### YOUR GOAL:
Exact copies of all the lines below are wanted, without a single picture.

### DATA EXTRACT:
<<<<

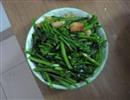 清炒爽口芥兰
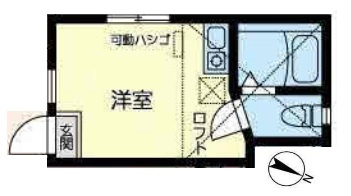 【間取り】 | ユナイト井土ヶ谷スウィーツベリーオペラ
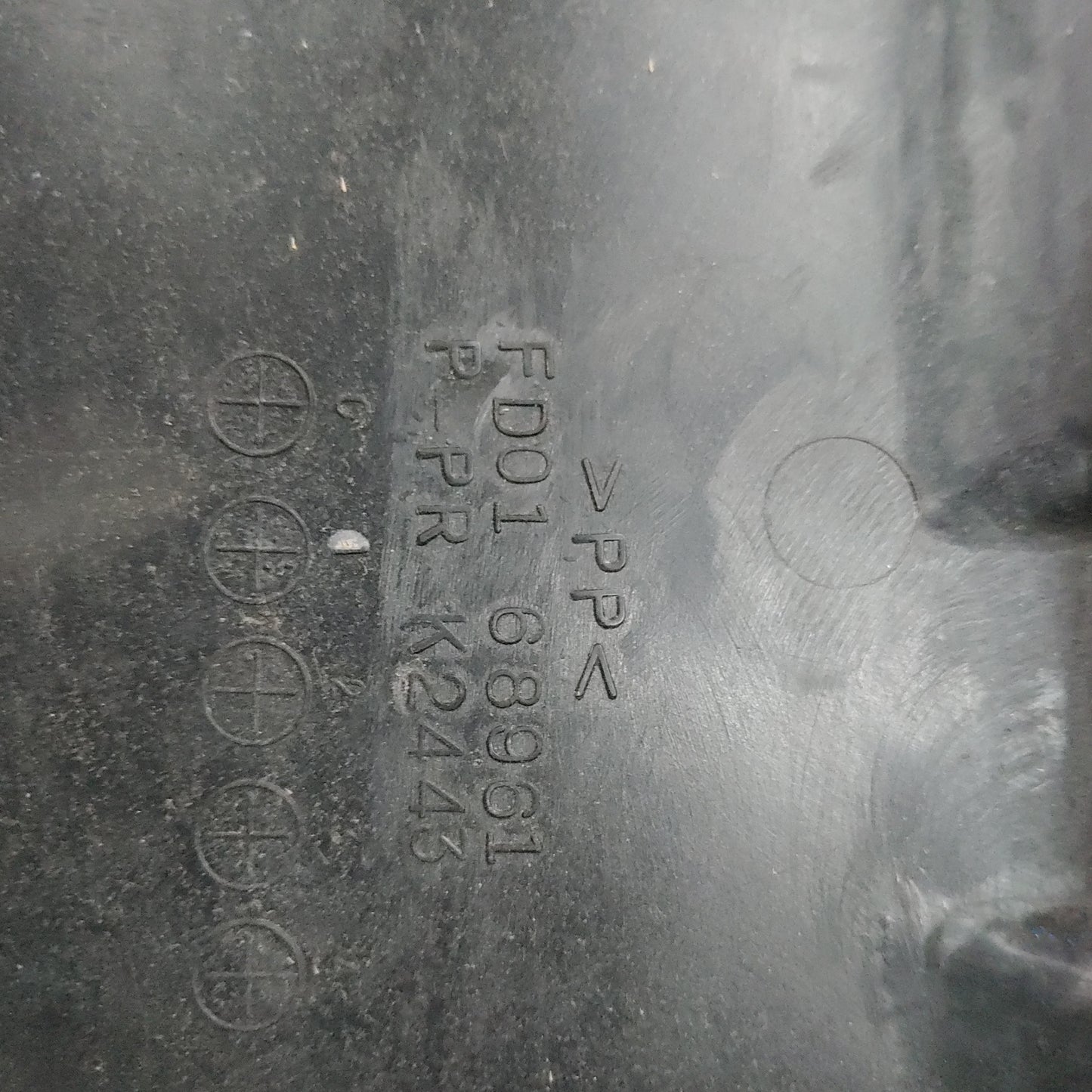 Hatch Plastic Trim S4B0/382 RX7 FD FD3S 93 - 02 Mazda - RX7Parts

>>>>

### THE ANSWER:
 清炒爽口芥兰
 【間取り】 | ユナイト井土ヶ谷スウィーツベリーオペラ
 Hatch Plastic Trim S4B0/382 RX7 FD FD3S 93 - 02 Mazda - RX7Parts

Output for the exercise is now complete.